> How to complete this task: Using the data below, output a verbatim copy of the lines between the one holding "カバン（ブランドバッグ）の商品画像 - 査定依頼日：2026年2月28日" and the one holding "Burberry 巴宝莉双拼色 双面提花羊绒围巾", inclusive, without any pictures.

> Data for analysis:

● ● ● ● ●

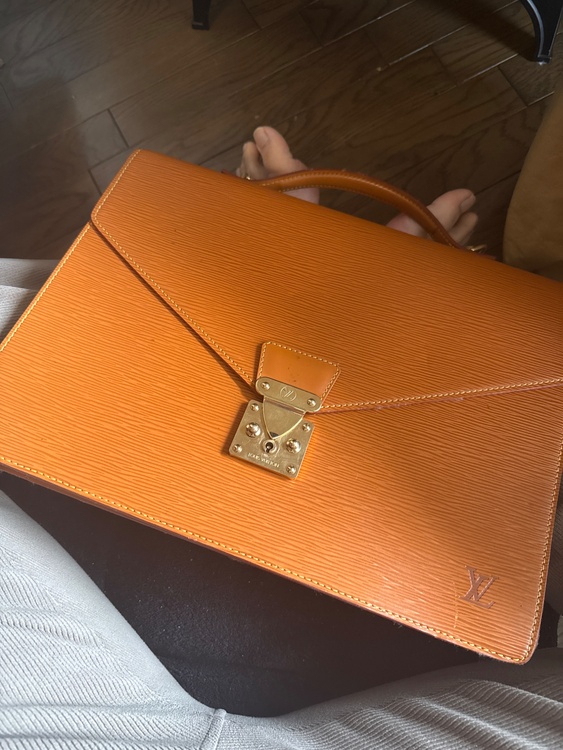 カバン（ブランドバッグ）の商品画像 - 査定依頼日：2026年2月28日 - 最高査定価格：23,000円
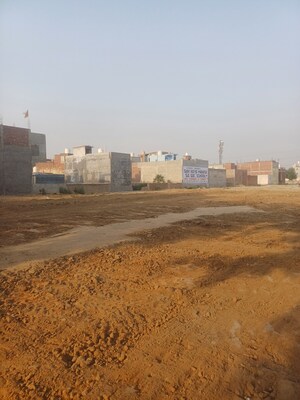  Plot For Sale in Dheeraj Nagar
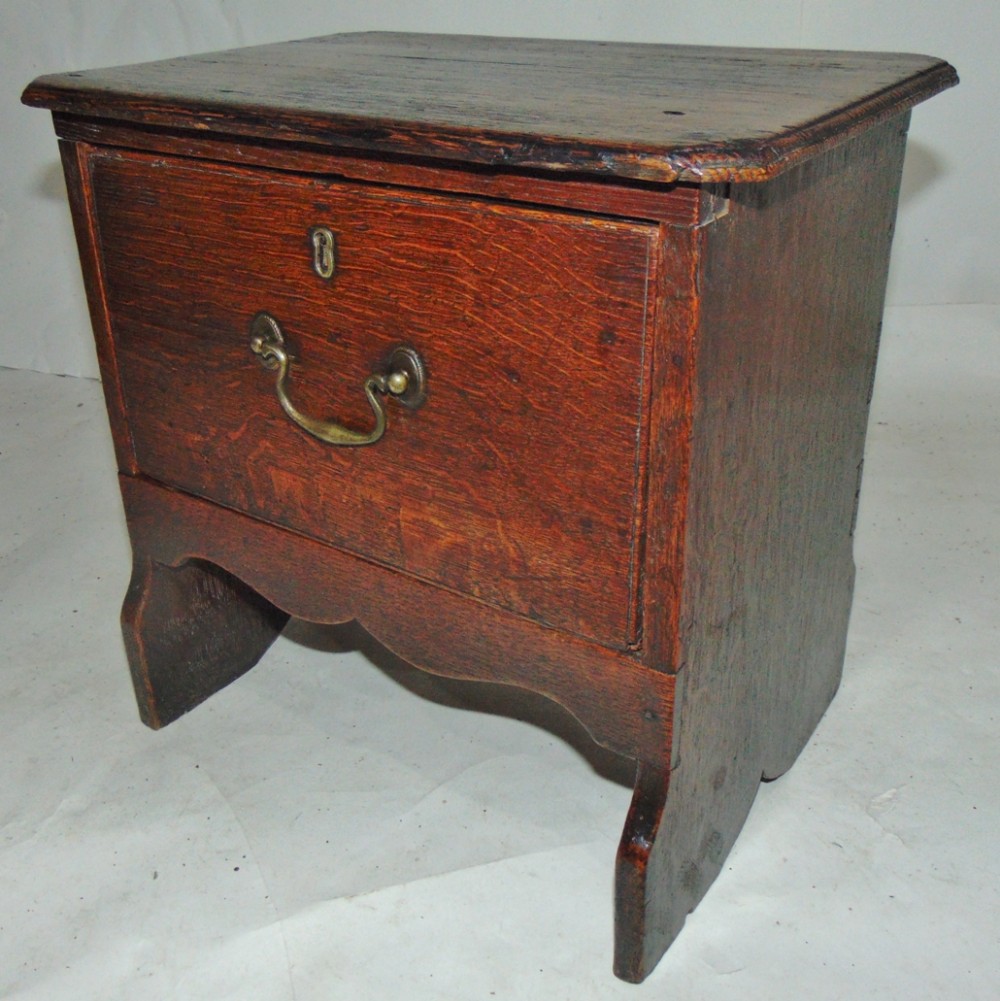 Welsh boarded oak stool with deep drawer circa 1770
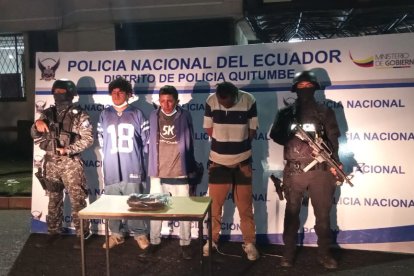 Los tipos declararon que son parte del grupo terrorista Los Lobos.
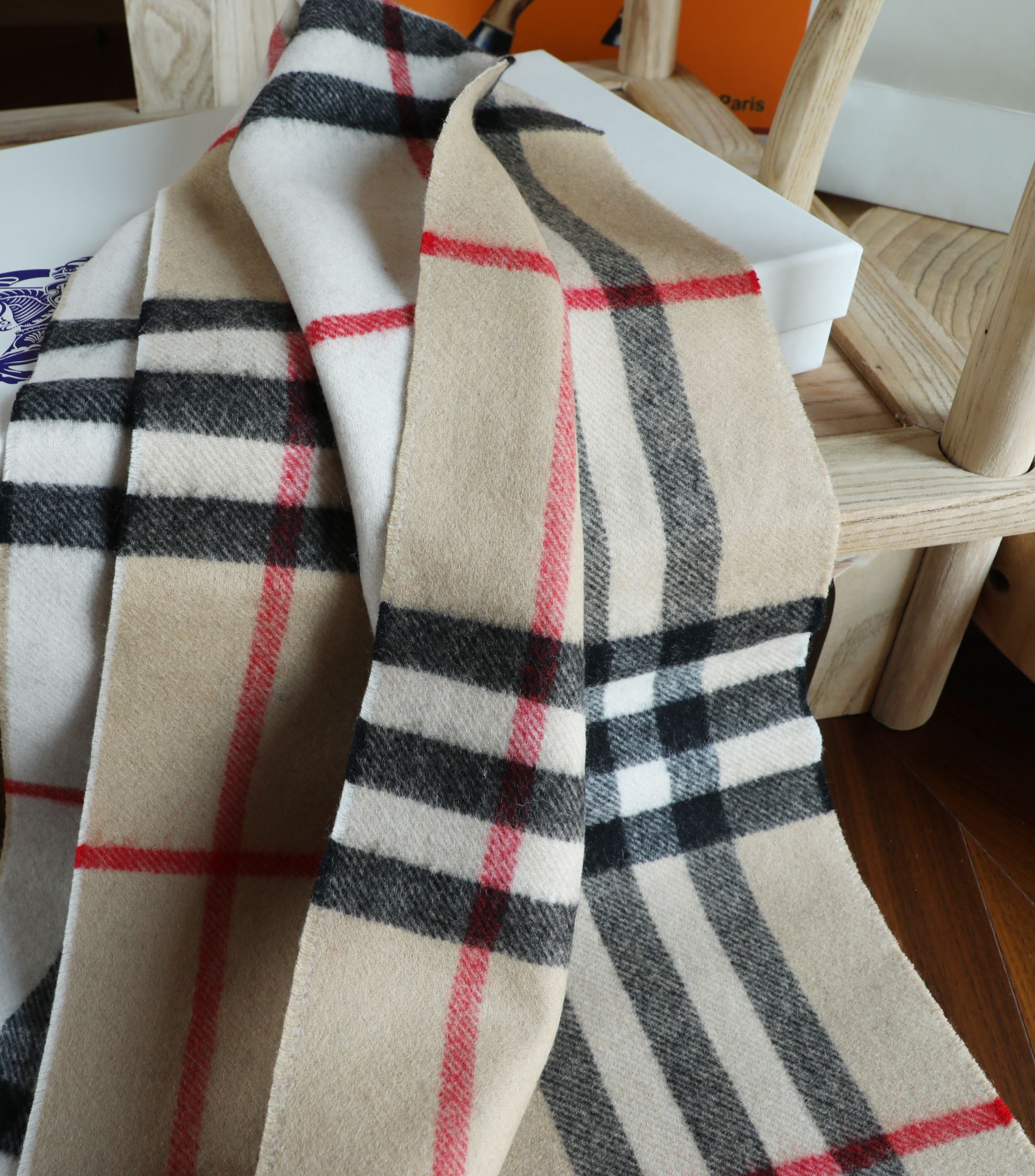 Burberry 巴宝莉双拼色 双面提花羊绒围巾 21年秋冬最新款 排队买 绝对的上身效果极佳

● ● ● ● ●

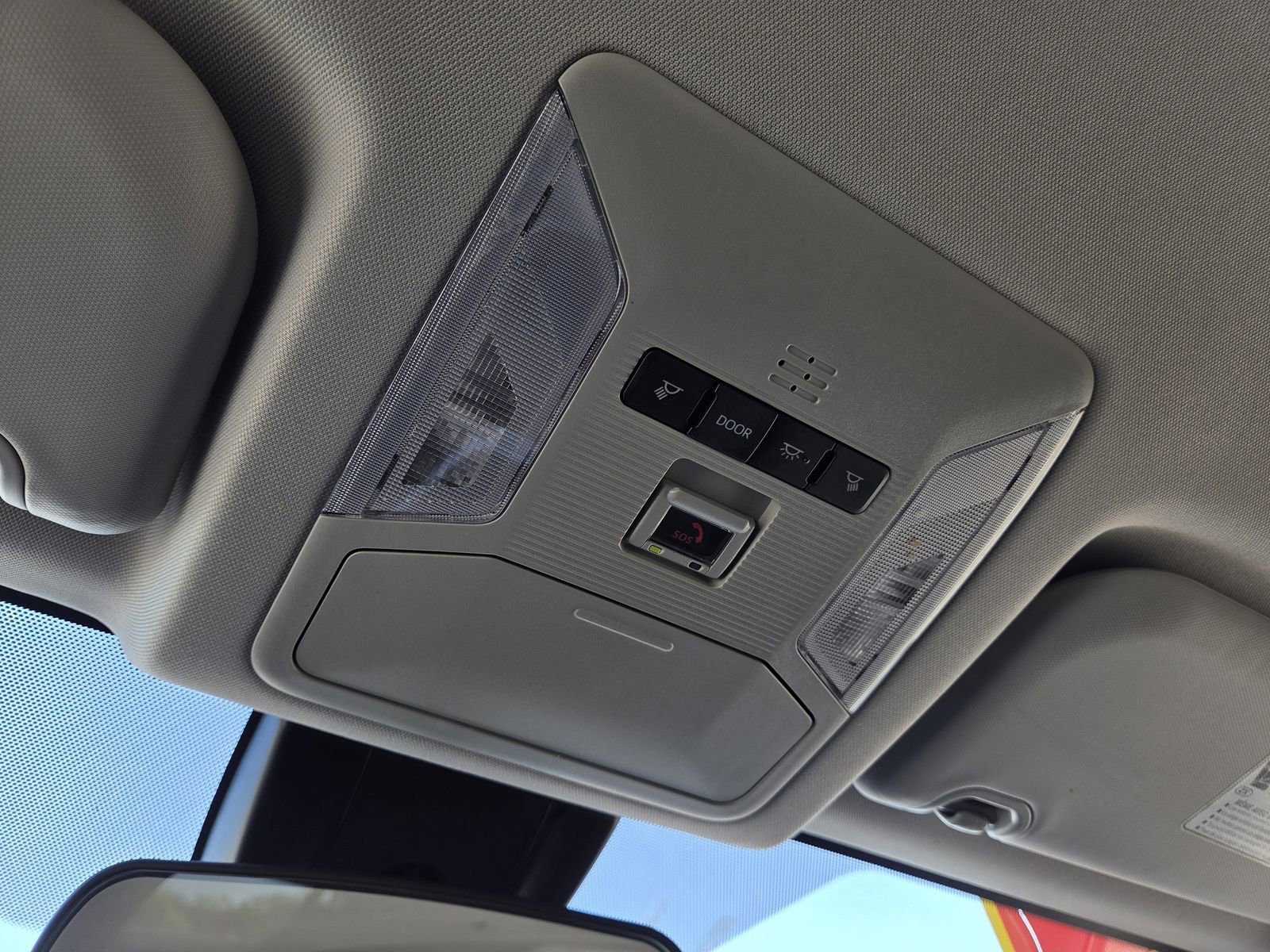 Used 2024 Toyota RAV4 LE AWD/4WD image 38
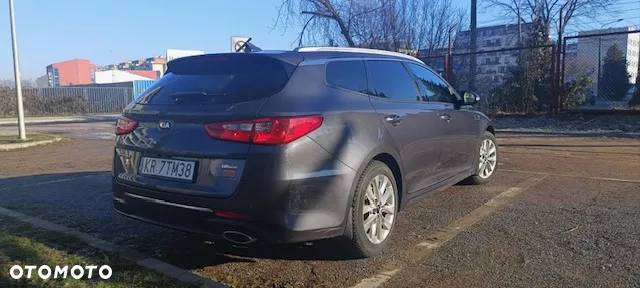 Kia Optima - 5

● ● ● ● ●

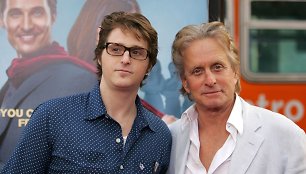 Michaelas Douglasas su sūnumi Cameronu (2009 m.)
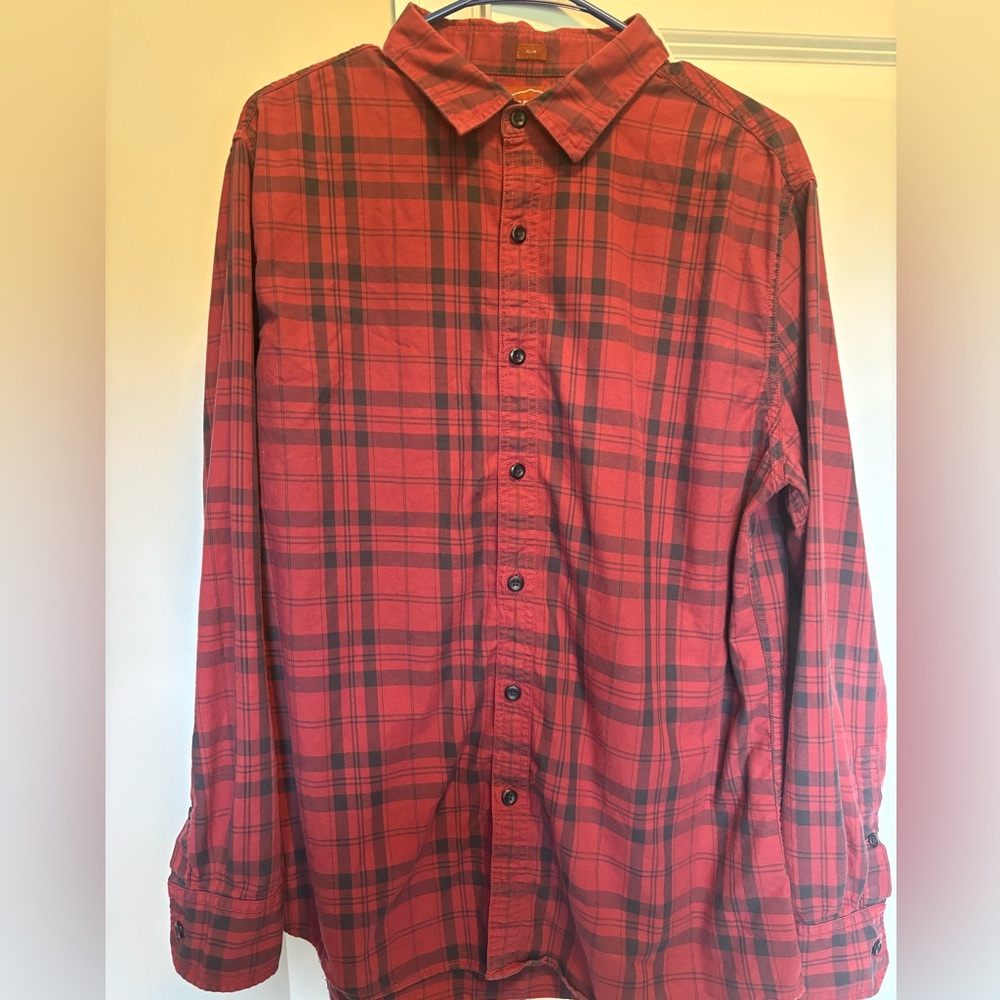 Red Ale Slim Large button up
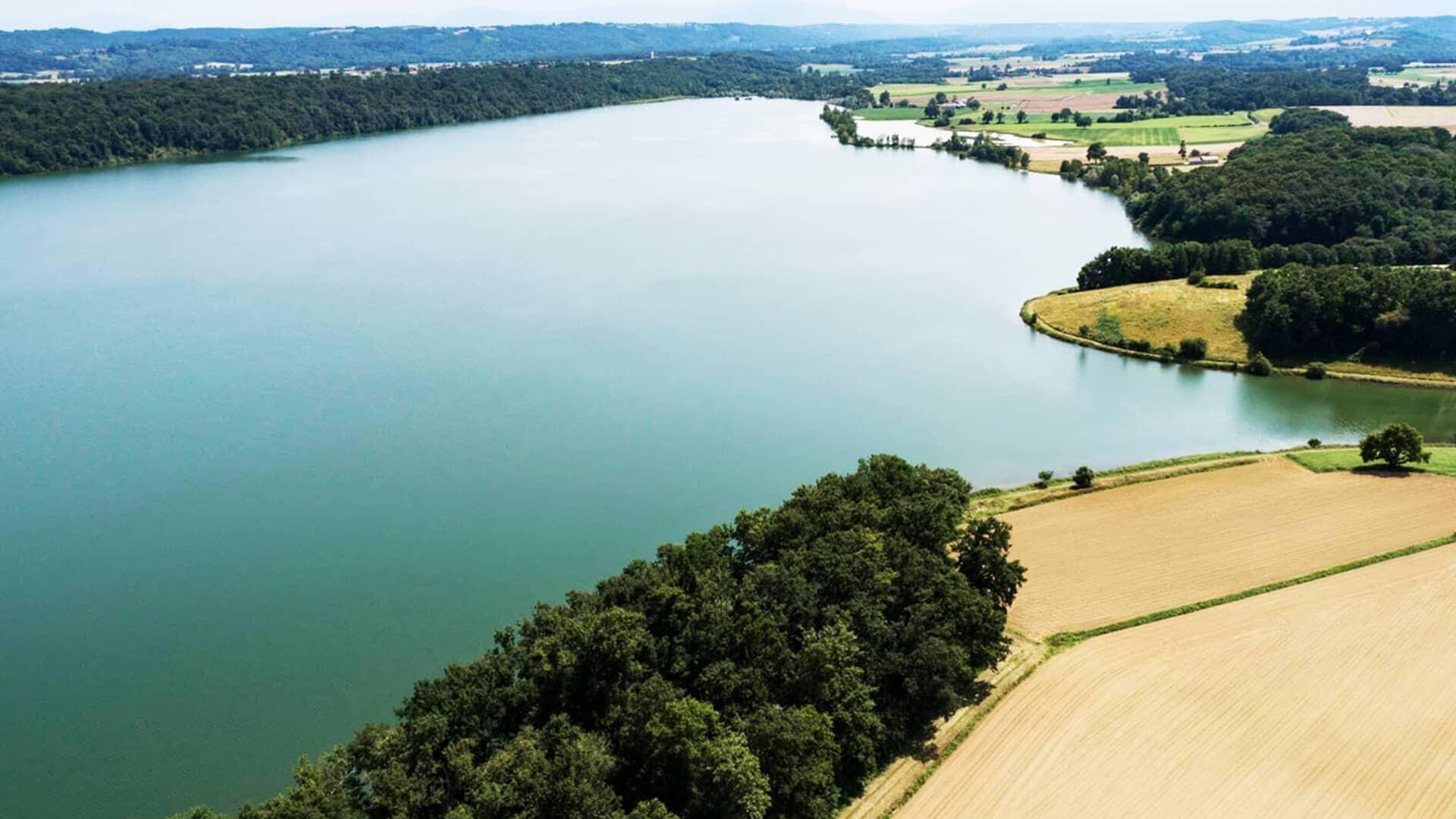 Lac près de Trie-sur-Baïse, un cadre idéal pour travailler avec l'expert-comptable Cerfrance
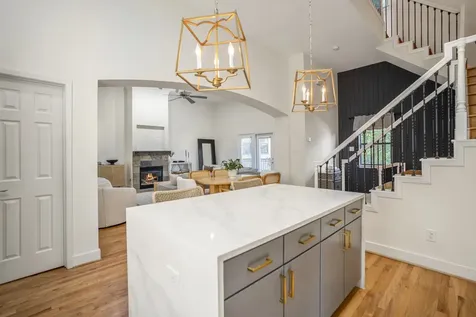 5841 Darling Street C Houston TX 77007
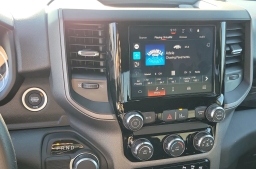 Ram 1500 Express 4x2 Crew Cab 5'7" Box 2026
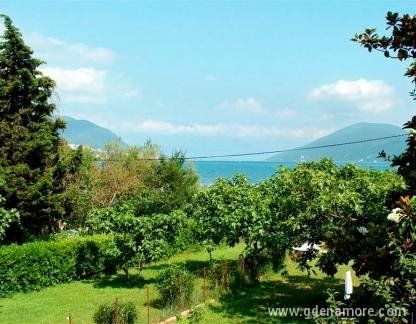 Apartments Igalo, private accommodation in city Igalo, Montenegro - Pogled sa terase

● ● ● ● ●

> Result of the task:
 カバン（ブランドバッグ）の商品画像 - 査定依頼日：2026年2月28日 - 最高査定価格：23,000円
  Plot For Sale in Dheeraj Nagar
 Welsh boarded oak stool with deep drawer circa 1770
 Los tipos declararon que son parte del grupo terrorista Los Lobos.
 Burberry 巴宝莉双拼色 双面提花羊绒围巾 21年秋冬最新款 排队买 绝对的上身效果极佳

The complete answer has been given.